Dans le cadre libanais, Doha vise un double objectif : d’un côté, renforcer les institutions centrales comme l’armée, pour stabiliser le pays sans recourir à l’exclusion de certaines composantes internes ; de l’autre, offrir un cadre alternatif aux axes binaires du passé – entre Iran et Arabie Saoudite, entre axe de la résistance et axe occidental.
Tel-Aviv : la guerre comme levier stratégique
Dans cette triangulation régionale, Israël poursuit sa propre logique, fondée sur une stratégie de domination militaire combinée à une politique de communication offensive. Les opérations en cours à Gaza illustrent un virage vers une doctrine de verrouillage complet du territoire : zones tampons, contrôle de l’aide humanitaire, destruction systématique des infrastructures civiles jugées potentiellement utilisables par le Hamas.

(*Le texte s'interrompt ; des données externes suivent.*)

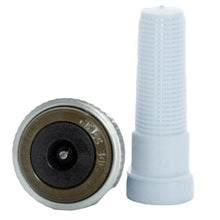 Load image into Gallery viewer, Hunter - MPSSHT530 - Side Strip; Male Threaded (Brown)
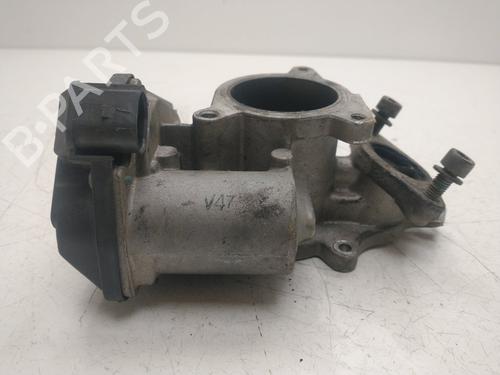 Egr AUDI A4 B7 (8EC) 2.0 TDI 16V | BP36262640M69 - Image 2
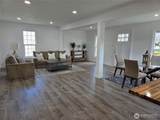 175 Stevens Road - Photo 7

Tel-Aviv considère désormais Gaza non comme un adversaire temporaire, mais comme un espace à neutraliser de manière permanente. Ce changement de paradigme affecte aussi sa politique régionale : Israël fait pression sur ses alliés pour durcir leurs positions à l’égard du Hezbollah, tout en cherchant à dissuader tout rapprochement entre le Liban et des acteurs jugés ambigus, comme le Qatar.
Paradoxalement, cette intransigeance accroît la marge de manœuvre de Doha. Plus Israël s’enferme dans une logique de confrontation permanente, plus les capitales arabes à la diplomatie fluide gagnent en attractivité pour ceux qui cherchent une alternative à l’escalade.

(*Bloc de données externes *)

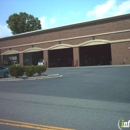 Discount Tire - Automobile Parts & Supplies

Un jeu triangulaire aux conséquences régionales
Le positionnement simultané de Beyrouth, Doha et Tel-Aviv crée un jeu triangulaire dans lequel chaque acteur tente de faire prévaloir ses intérêts dans un cadre mouvant. Le Liban cherche des soutiens sans perdre sa souveraineté ; le Qatar construit une médiation active sans se couper de personne ; Israël impose sa force tout en craignant l’isolement stratégique.
Cette dynamique influence les décisions majeures : composition des gouvernements, orientation des aides internationales, arbitrages militaires, positionnement des ONG et des agences onusiennes. Elle reconfigure aussi les alliances : les anciens clivages entre axes géopolitiques cèdent le pas à des coalitions tactiques, parfois éphémères, autour d’enjeux sécuritaires, économiques ou diplomatiques.
Les effets se font sentir bien au-delà du Proche-Orient : les chancelleries européennes et asiatiques observent cette triangulation avec attention, y voyant les prémices d’un nouveau modèle régional, moins polarisé, mais plus instable, où la parole se déplace autant que les rapports de force.